The utter failure of the Obama Administration to stand up to the rightwing assault on lower and middle-income workers, families, and communities has left many angry and feeling powerless.
It is truly dispiriting.
I believe, however, that there is a silver lining. For the first time in a long time, there appears to be a groundswell of recognition that what has happened is in large part due to the lack of a progressive social movement to counterbalance the power of the oligarchy and its Tea Party ground troops. Union leaders, community-based organizing coalitions, progressive beltway think tanks, and many others who have traditionally put most of their strategic eggs in the basket of support for the liberal wing of the Democratic Party, are calling for strategies that will build an independent movement.
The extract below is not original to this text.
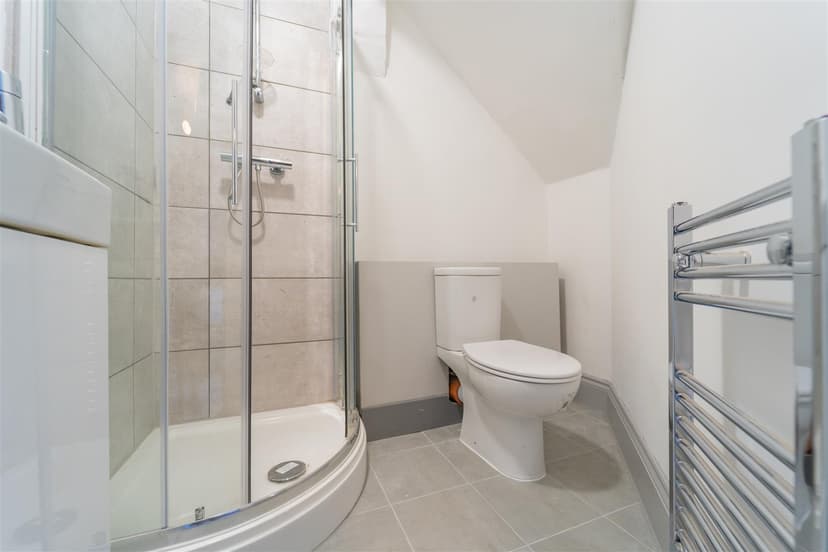 120a, Raddlebarn Road - Image 7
And many voices have been raising the need for a unifying, values-based narrative to counter the ultra-conservative blame the victim, blame big government, blame unions, blame Muslims, blame immigrants story amplified by Fox News and mainstream media echo chamber.
More and more progressives are recognizing the importance of organizing, not just mobilizing, and perhaps most important of all, the need for unity across issues and constituencies. As George Lakoff explained:
“Those of us outside of government have to organize that unified movement, and not be limited by specific issue areas. The movement is about progressivism, not just about environmentalism, or social justice, or labor, or education, or health, or peace. The general principles govern them all.”
There is an opportunity here to put aside our notions of turf and any “we’ve got the key facts or the correct analysis or the pipeline to people in power” mentalities. We may need to let go of our egos and keep our eyes on the prize and get some agreement about those general principles.
To my colleagues:
I am proud to be part of the extraordinary work you do day in and day out, and am amazed at how, even with our resource constraints, you still manage to ramp up the intensity when needed. We are suffering defeats but our efforts are not for naught.
Seeds may stay dormant for years before springing to life. I am grateful for the work you do in the garden.